Non c’è nulla di peggio dell’invidia del vecchio nei confronti del giovane che riesce a fare ciò che l’anziano può solo immaginare. Solo questa sorta di risentimento senile può spiegare il comportamento del sultano di Arcore, attraverso le reti Mediaset, nella vicenda della caduta del Conte bis e nel tentativo di affidare a Draghi il nuovo esecutivo.

Risentimento nei confronti di Renzi, figlio politico di Berlusconi ma ancora più cinico del sultano. Un Renzi privo di scrupoli e di ideali, che punta solo all’autoaffermazione. Ma risentimento anche nei confronti di Salvini e Meloni. Più Salvini che Meloni, in realtà, perché Berlusconi è sempre stato convinto di poter controllare la Lega, anche per ragioni di contiguità territoriale. E invece Salvini non solo si è smarcato ma ha pure divorato buona parte dei consensi di Forza Italia.
Mentre Fdi rimaneva pur sempre una realtà estremista, lontana dalla visione del sultano.
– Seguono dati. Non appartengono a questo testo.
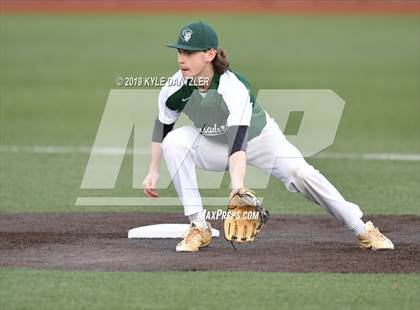 Thumbnail 3 in Bishop Gorman vs St. Mary's Hall (Texas Private School Classic) photogallery.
Che poteva gradire la compagnia di La Russa e pochi altri, ma che non gradiva la campagna acquisti di Meloni tra gli ex forzisti.
Il risentimento si esprime ora con l’entusiasmo per la scelta di Draghi da parte di Mattarella che ha escluso il diritto di voto degli italiani, salvando Forza Italia dall’ennesima sconfitta. Perfettamente in linea con Renzi, all’apparenza. Poi, però, attraverso Mediaset – che non rappresenta l’intera Forza Italia – sono state lanciate polpette avvelenate per far fallire l’operazione. Perché mentre Draghi doveva ancora iniziare i colloqui con partiti e coalizioni, il partito Mediaset si dedicava alla provocazione, lanciando le candidature come ministri di Lamorgese, Boccia, Del Rio, Severino.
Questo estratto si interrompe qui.